_Exercise prompt_: All of the lines below need to be copied exactly, apart from the pictures.

_Collected data_:
/---
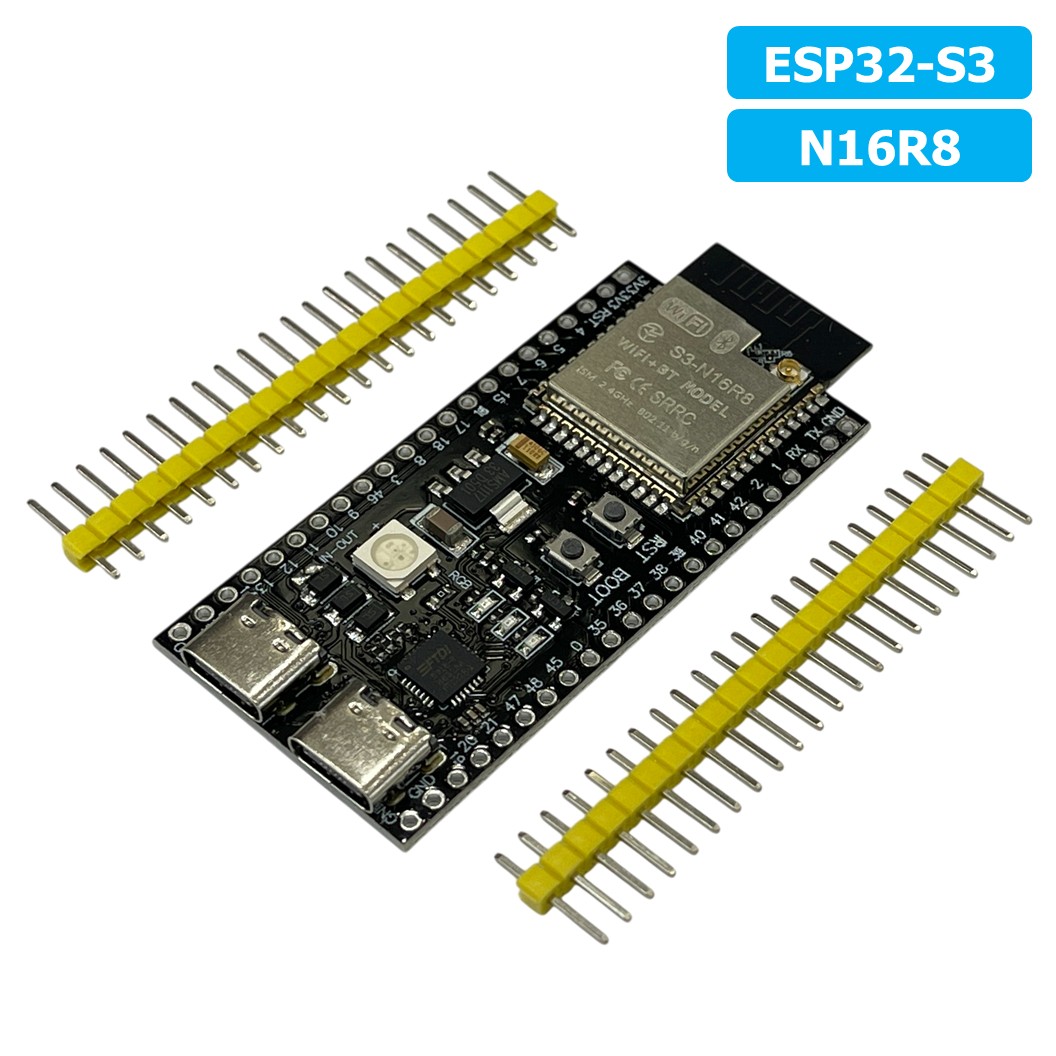 CB301 บอร์ด ESP32-S3 N16R8 แบบไม่บัดกรีขา มีช่องเสียบเสาอากาศ ESP32-S3-DevKitC-1 WROOM-1-N16R8 ESP-32-S3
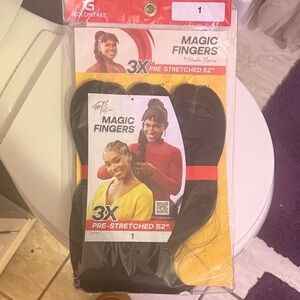 3X Pre-Stretched Hair Extensions - Black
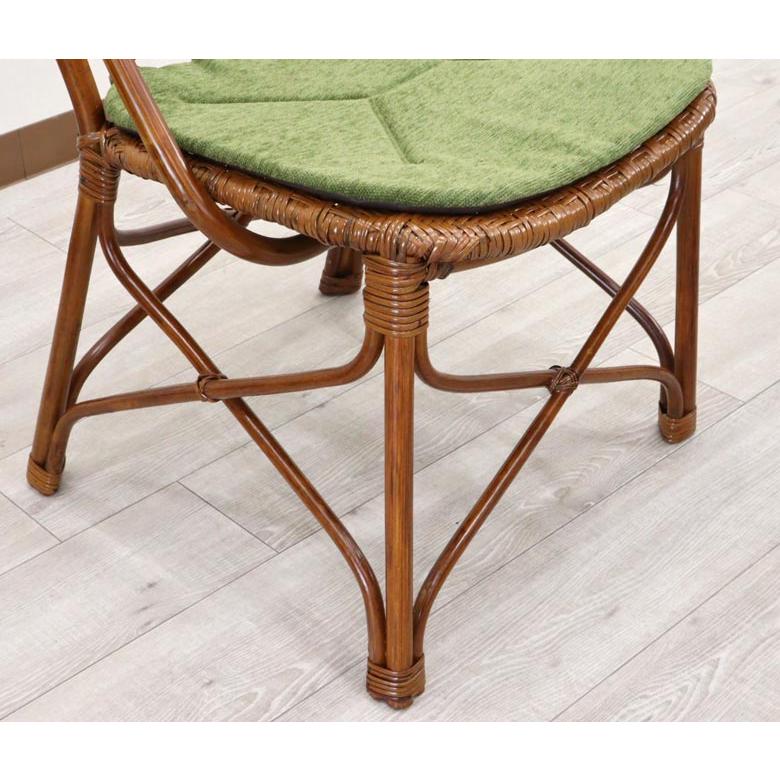 軽量ラタンチェア ダイニングチェア 手作り 椅子 軽い : インテリア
\---
_Response to the exercise_:
 CB301 บอร์ด ESP32-S3 N16R8 แบบไม่บัดกรีขา มีช่องเสียบเสาอากาศ ESP32-S3-DevKitC-1 WROOM-1-N16R8 ESP-32-S3
 3X Pre-Stretched Hair Extensions - Black
 軽量ラタンチェア ダイニングチェア 手作り 椅子 軽い : インテリア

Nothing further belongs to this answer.